Im Übrigen liegt es nur an unserem begrenzten Geist und unserem Vertieftsein in die Vorstellung „ich Armer“ oder „du Mistkerl“, dass es so erscheint, als würden Erfolg oder Versagen, Gewinn oder Verlust aus keinem oder einem unerheblichen Grund geschehen. Deswegen denken wir, was uns widerfährt, sei ungerecht. Doch was auch immer im Universum geschieht, geschieht aufgrund eines gigantisches Netzwerks von Ursachen und Wirkungen. So viele Sachverhalte haben Einfluss darauf, was mit uns und anderen geschieht – es geht weit über unser Vorstellungsvermögen hinaus, jeden Faktor mit einzubeziehen.

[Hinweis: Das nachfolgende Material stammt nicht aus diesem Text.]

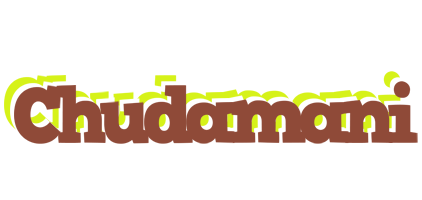 Chudamani caffeebar logo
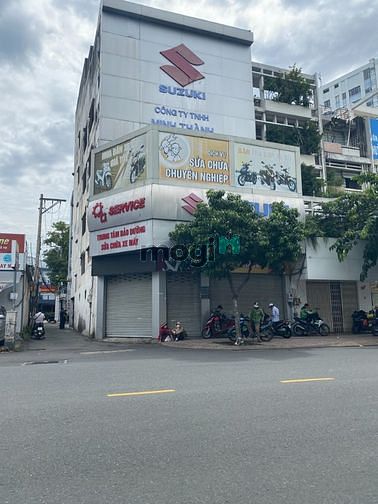 Hình ảnh Cho thuê căn góc 2MT 50D Nơ Trang Long Q Bình Thạnh .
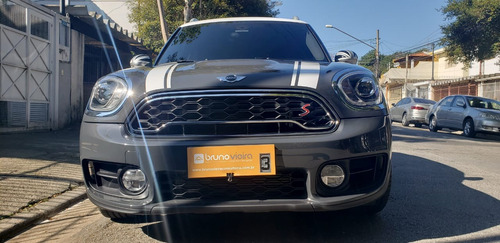 Mini Cooper S Countryman 2018!! Ipva 2020 Pago !!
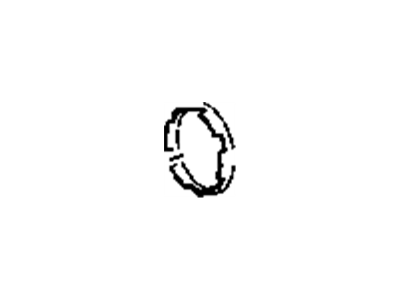 Pontiac Firebird Synchronizer Ring - 88894078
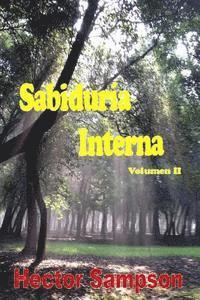 bokomslag Sabiduria Interna: Volumen II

Wenn wir diese beiden trügerischen Erscheinungen (Gewinner und Verlierer und dass Dinge anscheinend ohne guten Grund geschehen) abbauen und aufhören sie auf die Realität zu projizieren, entspannen sich unsere Gefühle bezüglich Ungerechtigkeit. Unterhalb unserer Eifersucht liegt bloßes Gewahrsein dessen, was erreicht wurde und was geschehen ist. Wir haben einen Klienten an jemand anderen verloren und nun hat jemand anderes diesen Klienten. Dies macht uns bewusst, dass man etwas erlangen kann. Wenn wir jemand anderem nicht missgönnen, dass er etwas erreicht oder erhalten hat, können wir vielleicht daraus lernen, wie er oder sie diese Meisterleistung vollbracht hat. Das kann uns ermöglichen zu erkennen, wie wir es selbst bewerkstelligen können. Neidisch und eifersüchtig sind wir nur, weil wir dieses Gewahrsein mit dualistischen Erscheinungen und festen Identitäten überlagern.
Zusammenfassung
Der Buddhismus bietet also eine Vielzahl von Methoden, um mit der störenden Emotion Neid umzugehen, egal, ob wir sie auf buddhistische oder westliche Weise definieren. Wenn wir von einer störenden Emotion geplagt werden, liegt die Herausforderung darin, deren typische Merkmale und unseren kulturellen Hintergrund richtig zu erkennen. Wenn wir uns mithilfe von Meditationspraktiken in verschiedenen Methoden geübt haben, können wir eine für uns passende Methode wählen, die uns hilft, mit jeder emotionalen Schwierigkeit fertigzuwerden, die wir erleben.